Vinícius de Morais era um apreciador de whisky e dizia que a bebida era o melhor amigo do homem, como brincava: whisky é o cão engarrafado. A cachaça, por fatores históricos e culturais, vive um estigma que a coloca numa outra relação com o canino: a da síndrome do vira-lata, aquele cacoete inato ao brasileiro que considera superior tudo que vem de fora.

Como mostramos até agora, não há porque considerar o whisky superior à cachaça.

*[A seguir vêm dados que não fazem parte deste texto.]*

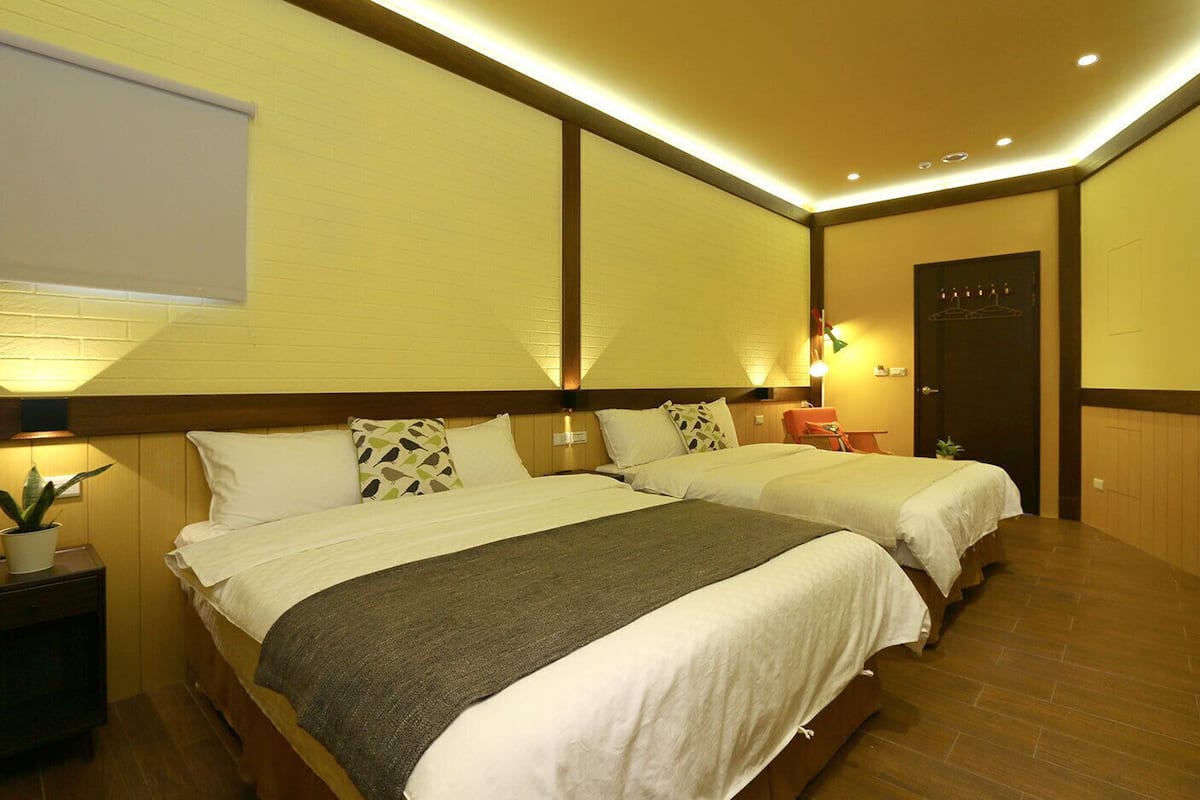 Minibar, desk, blackout drapes, soundproofing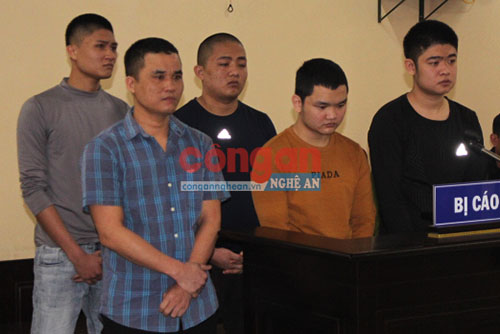 Mâu thuẫn trong quán karaoke, nhóm thanh niên 'hỗn chiến'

Da importância histórica a qualidade sensorial existem muitas razões para o brasileiro tirar a cachaça debaixo do balção e coloca-la ao lado de outros destilados de prestígio.

Seria um desejo dos editores desse site, que todo brasileiro pudesse ver um dia uma produção de cachaça, seria uma verdadeira aula sobre uma arte antiga de produção, hoje fundamentada em muita técnica e produzindo um dos melhores destilados do mundo.

Para finalizar, para você que ainda não teve oportunidade de conhecer um alambique, deixamos uma descrição do processo de produção escrita pelo nosso mestre Erwin Weimann:

“(o brasileiro) pode estar certo de que a cachaça e a única bebida entre os destilados que é feita artesanalmente, com a cana colhida manualmente pelo alambiqueiro, sem queimas, com a garapa fresca extraída e fermentada em um período de 24 a 30 horas, destilada em alambique de cobre, utilizando o bagaço, ainda perfumado de cana, como fonte de calor para obter o “coração”da bebida que, sem diluição, descansou em tonéis de madeira.”